Task input
--------------------------------------------------
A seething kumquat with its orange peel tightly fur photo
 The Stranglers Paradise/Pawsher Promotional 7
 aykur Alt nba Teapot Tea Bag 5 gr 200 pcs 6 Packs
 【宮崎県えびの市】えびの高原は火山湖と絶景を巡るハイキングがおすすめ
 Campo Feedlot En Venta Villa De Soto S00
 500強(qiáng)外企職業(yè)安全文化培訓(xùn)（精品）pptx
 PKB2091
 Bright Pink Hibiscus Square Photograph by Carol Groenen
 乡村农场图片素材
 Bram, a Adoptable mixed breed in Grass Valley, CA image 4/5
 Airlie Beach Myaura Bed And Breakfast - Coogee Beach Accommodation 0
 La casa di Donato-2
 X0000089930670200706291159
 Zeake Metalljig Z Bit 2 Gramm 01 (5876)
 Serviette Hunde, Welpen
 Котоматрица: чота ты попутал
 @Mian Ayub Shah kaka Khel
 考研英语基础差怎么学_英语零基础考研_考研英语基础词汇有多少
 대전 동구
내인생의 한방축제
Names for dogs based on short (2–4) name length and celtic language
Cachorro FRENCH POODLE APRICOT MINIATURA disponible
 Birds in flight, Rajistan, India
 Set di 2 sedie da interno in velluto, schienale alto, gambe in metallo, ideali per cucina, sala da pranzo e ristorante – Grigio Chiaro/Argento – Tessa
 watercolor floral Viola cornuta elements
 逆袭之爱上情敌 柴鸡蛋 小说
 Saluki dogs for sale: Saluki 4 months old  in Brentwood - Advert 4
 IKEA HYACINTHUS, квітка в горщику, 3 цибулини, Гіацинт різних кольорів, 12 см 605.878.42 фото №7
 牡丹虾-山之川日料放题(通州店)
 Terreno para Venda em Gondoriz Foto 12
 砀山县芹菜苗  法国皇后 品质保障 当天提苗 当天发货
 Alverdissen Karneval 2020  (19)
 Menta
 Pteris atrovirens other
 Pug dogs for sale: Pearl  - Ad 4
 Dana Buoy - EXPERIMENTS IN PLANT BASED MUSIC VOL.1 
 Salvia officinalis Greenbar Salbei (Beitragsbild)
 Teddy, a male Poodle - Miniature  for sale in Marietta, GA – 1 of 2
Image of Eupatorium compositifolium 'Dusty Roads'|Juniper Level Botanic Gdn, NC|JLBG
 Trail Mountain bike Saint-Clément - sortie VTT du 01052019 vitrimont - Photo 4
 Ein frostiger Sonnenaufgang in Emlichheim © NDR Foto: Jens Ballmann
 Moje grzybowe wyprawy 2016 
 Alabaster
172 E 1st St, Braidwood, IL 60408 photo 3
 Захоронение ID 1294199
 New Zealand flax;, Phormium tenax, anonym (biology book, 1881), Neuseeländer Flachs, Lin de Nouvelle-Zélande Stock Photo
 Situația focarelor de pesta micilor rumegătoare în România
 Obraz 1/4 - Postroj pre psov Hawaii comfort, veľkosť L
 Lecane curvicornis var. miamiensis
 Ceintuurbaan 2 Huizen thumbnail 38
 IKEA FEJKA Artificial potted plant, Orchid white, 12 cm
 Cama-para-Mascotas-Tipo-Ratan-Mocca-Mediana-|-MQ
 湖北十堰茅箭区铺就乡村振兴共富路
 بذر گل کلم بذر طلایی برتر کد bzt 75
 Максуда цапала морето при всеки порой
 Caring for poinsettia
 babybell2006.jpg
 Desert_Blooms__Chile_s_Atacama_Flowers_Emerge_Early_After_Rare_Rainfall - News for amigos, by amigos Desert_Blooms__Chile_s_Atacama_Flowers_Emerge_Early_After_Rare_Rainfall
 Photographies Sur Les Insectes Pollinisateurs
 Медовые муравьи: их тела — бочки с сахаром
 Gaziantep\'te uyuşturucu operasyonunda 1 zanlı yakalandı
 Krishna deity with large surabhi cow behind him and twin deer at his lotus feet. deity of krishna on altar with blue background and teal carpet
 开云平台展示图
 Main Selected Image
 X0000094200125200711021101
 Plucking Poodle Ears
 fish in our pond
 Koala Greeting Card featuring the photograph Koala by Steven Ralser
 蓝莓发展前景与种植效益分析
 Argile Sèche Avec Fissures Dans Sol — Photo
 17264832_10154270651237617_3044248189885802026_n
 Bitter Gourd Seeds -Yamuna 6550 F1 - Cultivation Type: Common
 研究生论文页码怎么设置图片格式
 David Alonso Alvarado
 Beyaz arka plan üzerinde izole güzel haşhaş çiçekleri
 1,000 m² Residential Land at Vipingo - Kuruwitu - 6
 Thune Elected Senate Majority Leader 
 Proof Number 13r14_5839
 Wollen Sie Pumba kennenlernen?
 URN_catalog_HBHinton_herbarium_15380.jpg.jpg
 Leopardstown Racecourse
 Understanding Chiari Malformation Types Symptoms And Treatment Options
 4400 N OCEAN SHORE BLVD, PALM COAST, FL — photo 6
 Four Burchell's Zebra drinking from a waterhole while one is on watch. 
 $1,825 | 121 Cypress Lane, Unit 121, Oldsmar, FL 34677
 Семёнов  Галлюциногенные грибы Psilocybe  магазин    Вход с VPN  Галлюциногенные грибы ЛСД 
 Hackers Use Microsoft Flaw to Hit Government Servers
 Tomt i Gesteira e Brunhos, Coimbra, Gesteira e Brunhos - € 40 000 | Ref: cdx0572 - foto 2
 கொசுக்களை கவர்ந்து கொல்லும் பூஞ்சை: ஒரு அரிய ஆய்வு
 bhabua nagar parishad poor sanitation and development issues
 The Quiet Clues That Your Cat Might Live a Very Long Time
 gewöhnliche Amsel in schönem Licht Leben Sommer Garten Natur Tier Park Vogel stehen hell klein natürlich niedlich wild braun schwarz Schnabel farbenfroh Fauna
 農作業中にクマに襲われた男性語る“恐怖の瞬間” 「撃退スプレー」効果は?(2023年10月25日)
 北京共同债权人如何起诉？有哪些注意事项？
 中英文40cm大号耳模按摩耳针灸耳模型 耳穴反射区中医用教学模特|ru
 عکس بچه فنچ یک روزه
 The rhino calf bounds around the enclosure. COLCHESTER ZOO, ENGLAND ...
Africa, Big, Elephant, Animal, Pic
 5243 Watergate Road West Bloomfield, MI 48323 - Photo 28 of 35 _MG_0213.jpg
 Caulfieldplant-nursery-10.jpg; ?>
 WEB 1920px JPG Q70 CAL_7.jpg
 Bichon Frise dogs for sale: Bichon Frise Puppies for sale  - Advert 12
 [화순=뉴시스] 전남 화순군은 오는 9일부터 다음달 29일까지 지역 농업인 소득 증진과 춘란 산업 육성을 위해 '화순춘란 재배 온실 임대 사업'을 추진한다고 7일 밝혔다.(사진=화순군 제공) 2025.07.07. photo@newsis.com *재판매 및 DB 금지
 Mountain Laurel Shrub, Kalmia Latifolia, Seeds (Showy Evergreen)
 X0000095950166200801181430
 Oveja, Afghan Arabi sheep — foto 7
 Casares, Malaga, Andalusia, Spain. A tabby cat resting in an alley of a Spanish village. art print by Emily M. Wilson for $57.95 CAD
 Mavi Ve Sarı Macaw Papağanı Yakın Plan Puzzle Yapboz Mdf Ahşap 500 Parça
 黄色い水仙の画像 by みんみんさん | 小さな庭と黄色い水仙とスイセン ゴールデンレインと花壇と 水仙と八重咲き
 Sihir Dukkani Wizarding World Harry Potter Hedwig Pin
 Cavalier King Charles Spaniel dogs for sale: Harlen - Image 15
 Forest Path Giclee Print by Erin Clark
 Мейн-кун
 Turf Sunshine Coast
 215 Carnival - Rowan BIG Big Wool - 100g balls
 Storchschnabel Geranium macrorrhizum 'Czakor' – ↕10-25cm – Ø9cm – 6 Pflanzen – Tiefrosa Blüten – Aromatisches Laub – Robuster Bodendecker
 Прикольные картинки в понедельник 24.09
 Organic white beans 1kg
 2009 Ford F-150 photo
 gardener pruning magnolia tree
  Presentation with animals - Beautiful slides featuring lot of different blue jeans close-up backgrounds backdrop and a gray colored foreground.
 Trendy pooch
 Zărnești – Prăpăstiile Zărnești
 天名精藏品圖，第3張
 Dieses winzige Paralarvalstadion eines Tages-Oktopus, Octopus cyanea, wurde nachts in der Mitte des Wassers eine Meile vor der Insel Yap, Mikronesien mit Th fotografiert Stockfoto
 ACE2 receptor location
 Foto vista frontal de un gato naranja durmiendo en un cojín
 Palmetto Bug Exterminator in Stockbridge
--------------------------------------------------
Work order
Copy the material above word for word, taking the first line, the line containing "Cama-para-Mascotas-Tipo-Ratan-Mocca-Mediana-|-MQ", and every line between them, and nothing else.

Solution to this task
A seething kumquat with its orange peel tightly fur photo
 The Stranglers Paradise/Pawsher Promotional 7
 aykur Alt nba Teapot Tea Bag 5 gr 200 pcs 6 Packs
 【宮崎県えびの市】えびの高原は火山湖と絶景を巡るハイキングがおすすめ
 Campo Feedlot En Venta Villa De Soto S00
 500強(qiáng)外企職業(yè)安全文化培訓(xùn)（精品）pptx
 PKB2091
 Bright Pink Hibiscus Square Photograph by Carol Groenen
 乡村农场图片素材
 Bram, a Adoptable mixed breed in Grass Valley, CA image 4/5
 Airlie Beach Myaura Bed And Breakfast - Coogee Beach Accommodation 0
 La casa di Donato-2
 X0000089930670200706291159
 Zeake Metalljig Z Bit 2 Gramm 01 (5876)
 Serviette Hunde, Welpen
 Котоматрица: чота ты попутал
 @Mian Ayub Shah kaka Khel
 考研英语基础差怎么学_英语零基础考研_考研英语基础词汇有多少
 대전 동구
내인생의 한방축제
Names for dogs based on short (2–4) name length and celtic language
Cachorro FRENCH POODLE APRICOT MINIATURA disponible
 Birds in flight, Rajistan, India
 Set di 2 sedie da interno in velluto, schienale alto, gambe in metallo, ideali per cucina, sala da pranzo e ristorante – Grigio Chiaro/Argento – Tessa
 watercolor floral Viola cornuta elements
 逆袭之爱上情敌 柴鸡蛋 小说
 Saluki dogs for sale: Saluki 4 months old  in Brentwood - Advert 4
 IKEA HYACINTHUS, квітка в горщику, 3 цибулини, Гіацинт різних кольорів, 12 см 605.878.42 фото №7
 牡丹虾-山之川日料放题(通州店)
 Terreno para Venda em Gondoriz Foto 12
 砀山县芹菜苗  法国皇后 品质保障 当天提苗 当天发货
 Alverdissen Karneval 2020  (19)
 Menta
 Pteris atrovirens other
 Pug dogs for sale: Pearl  - Ad 4
 Dana Buoy - EXPERIMENTS IN PLANT BASED MUSIC VOL.1 
 Salvia officinalis Greenbar Salbei (Beitragsbild)
 Teddy, a male Poodle - Miniature  for sale in Marietta, GA – 1 of 2
Image of Eupatorium compositifolium 'Dusty Roads'|Juniper Level Botanic Gdn, NC|JLBG
 Trail Mountain bike Saint-Clément - sortie VTT du 01052019 vitrimont - Photo 4
 Ein frostiger Sonnenaufgang in Emlichheim © NDR Foto: Jens Ballmann
 Moje grzybowe wyprawy 2016 
 Alabaster
172 E 1st St, Braidwood, IL 60408 photo 3
 Захоронение ID 1294199
 New Zealand flax;, Phormium tenax, anonym (biology book, 1881), Neuseeländer Flachs, Lin de Nouvelle-Zélande Stock Photo
 Situația focarelor de pesta micilor rumegătoare în România
 Obraz 1/4 - Postroj pre psov Hawaii comfort, veľkosť L
 Lecane curvicornis var. miamiensis
 Ceintuurbaan 2 Huizen thumbnail 38
 IKEA FEJKA Artificial potted plant, Orchid white, 12 cm
 Cama-para-Mascotas-Tipo-Ratan-Mocca-Mediana-|-MQ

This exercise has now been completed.